## DATA SECTION
»»

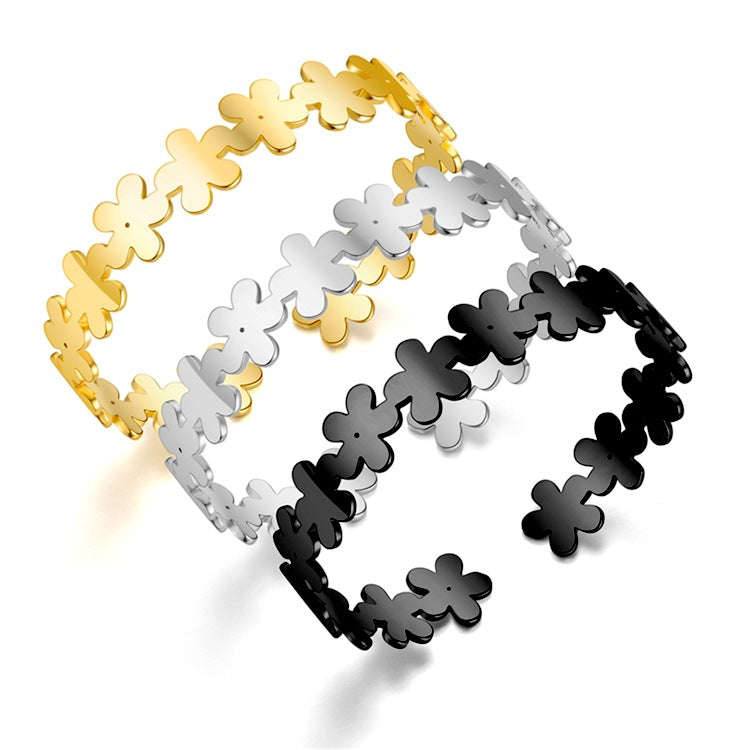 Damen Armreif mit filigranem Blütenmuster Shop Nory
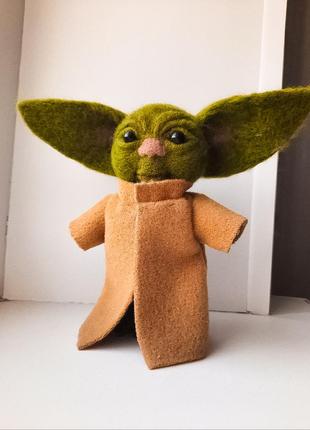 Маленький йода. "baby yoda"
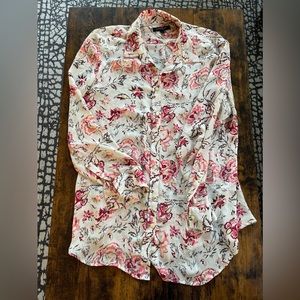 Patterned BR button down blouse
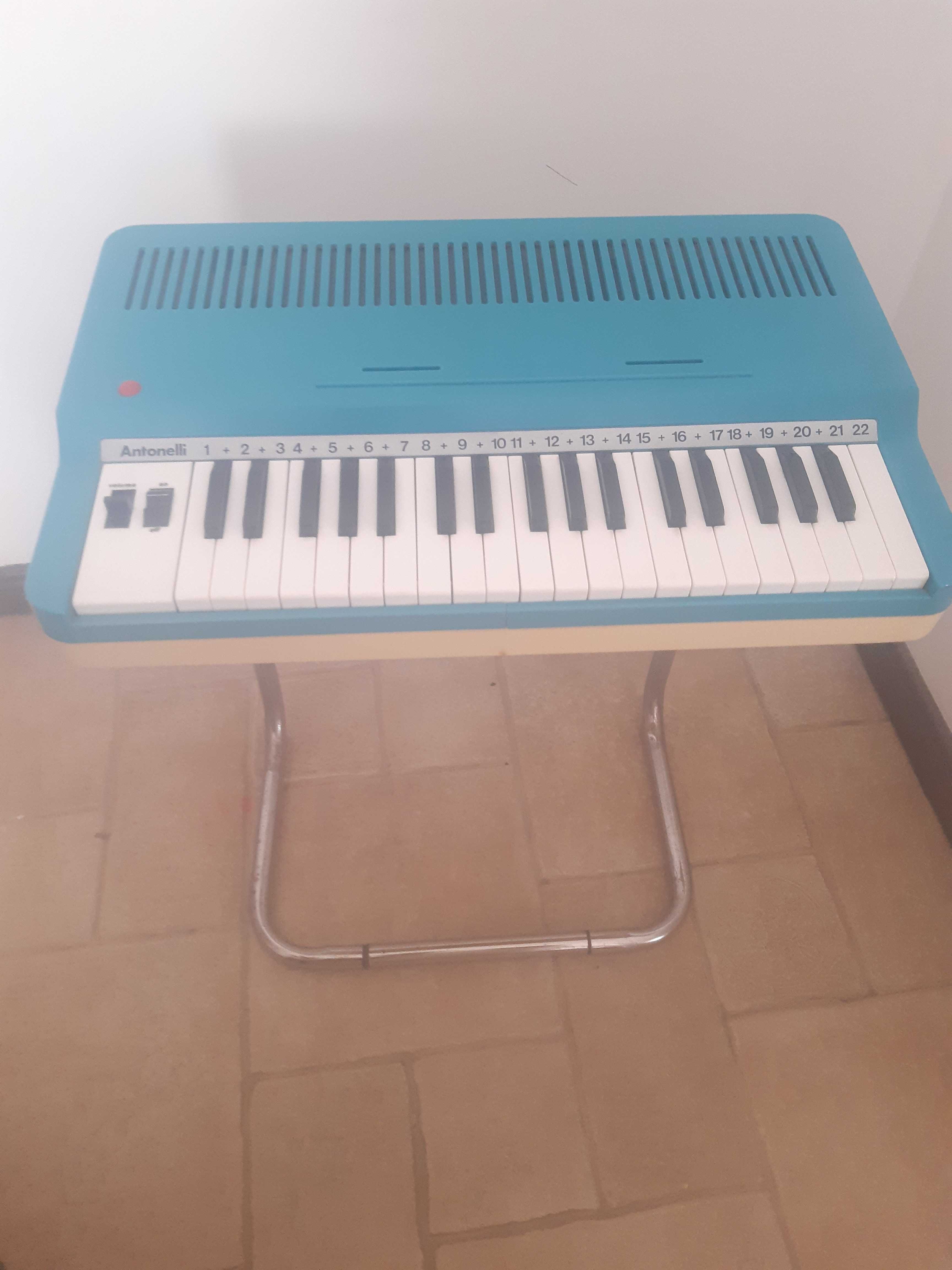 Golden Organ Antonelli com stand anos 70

««

## WHAT IS REQUIRED
The whole listing must be restated word for word. Leave out any pictures.

## THE ANSWER
 Damen Armreif mit filigranem Blütenmuster Shop Nory
 Маленький йода. "baby yoda"
 Patterned BR button down blouse
 Golden Organ Antonelli com stand anos 70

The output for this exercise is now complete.